Thursday, November 17, 2005

Considering the audience

Interesting article (the internets are full of them) from IndieWire, one passage of which deals with the concept of different versions of a film being cut for different audiences. A clip:

Prior to the release of Joe Wright's "Pride & Prejudice" in the U.K. two months ago, the film's producers, Working Title, decided to shorten the original romantic ending of the movie, apparently feeling it was a bit too sappy for British audiences. Focus Features on the other hand, which opened the movie over the weekend in the U.S., kept Wright's original ending, releasing a different, slightly longer version of the film in this country. In a statement to indieWIRE Wednesday, a Focus spokesperson explained that in the U.K., "audiences prefer a less overtly romantic wrap-up, so the filmmakers had prepared the movie accordingly." Standing by their decision to release the film with the more romantic coda Stateside, the Focus spokesperson added, "What's most gratifying is that, wherever in the world 'Pride & Prejudice' is being shown, critics and moviegoers are enjoying this classic love story." Such decisions, reiterating how audience reactions are anticipated and accommodated ahead of major film releases, are increasingly commonplace in Indiewood, as a panel of insiders discussed Monday night at a New York Women in Film and Television seminar.
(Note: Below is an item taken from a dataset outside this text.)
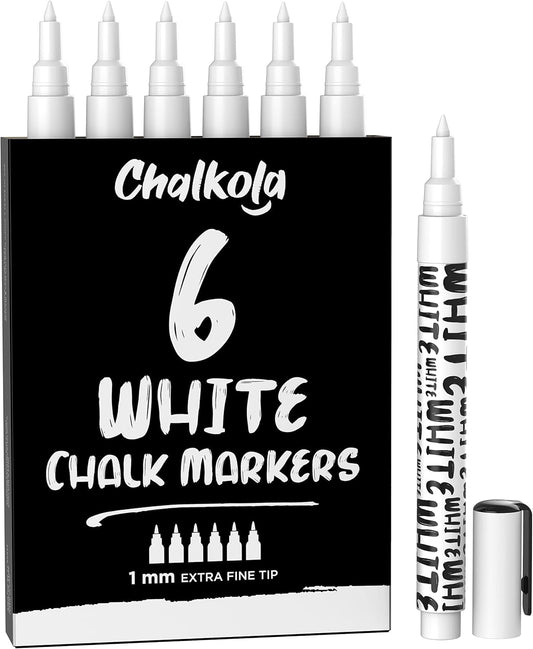 Chalkola White Chalk Markers Fine Tip (6 Pack, 1mm Extra Fine Point) - Dry Erase Liquid Chalk Pens for Chalkboard, Blackboard, Car Window, Bistro, Glass, Board, Calendar - White Chalkboard Markers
I'm of two minds about this. On the one hand, it's a foolish filmmaker who ignores the audience and chains himself to his auteur pretensions. That way lies madness, and movies like this. For my own currently-in-prepro HD short, whenever someone reading the script came upon a bit they found confusing, I'd ask them straight-up, "What do I need to do to make that less confusing?" And that process continued until those criticisms stopped. Filmmaking is like any other art form: you have to communicate ideas meaningfully.

But there's something about the way Hollywood will focus-group a movie to death that smacks of treating them like kitchen appliances. Here's the red one for people who like red, and here's the one without the built-in can opener for folks who don't like all that clutter. When you tailor a movie to perceived audience tastes, are you make the best decision for the quality of the movie? Or are you just trying to pander to boost whatever meager profits you stand to make anyway?

And — most importantly from my point of view — are the filmmakers being consulted about these changes, or are they all marketing and studio driven, without respect for whatever the director's and screenwriter's vision for the story might have been? It wouldn't be anything new to see directors having their films taken out of their hands and chopped to pieces due to some whim of a studio exec or marketing survey. It's a shameful Hollywood tradition going all the way back to Welles' The Magnificent Ambersons. If changes are inevitable, the best thing producers and studios can do is trust their creative talent. In the case of Pride & Prejudice, it sounds like the director was okay with all of this, so that's fine. But if he hadn't been, I can easily see the studio thumbing their nose at him and saying, "Well, we're doing it anyway." And perhaps they would have been right, perhaps not. The danger any artist runs into is that you get so close to the work, you can't often take the detached perspective needed to see what would be best for its ultimate success. But on the other hand, sometimes you're completely confident in what you want, and you have to fight idiots who want to vandalize what you've worked so hard to create.

There's not a smart director alive who doesn't want his film to be embraced by a large audience, even the ones who cop the auteur attitude. A good director appreciates a producer and marketer who wants to work with him on maximizing his film's potential. Because in the end, everyone wants the same thing: a popular movie.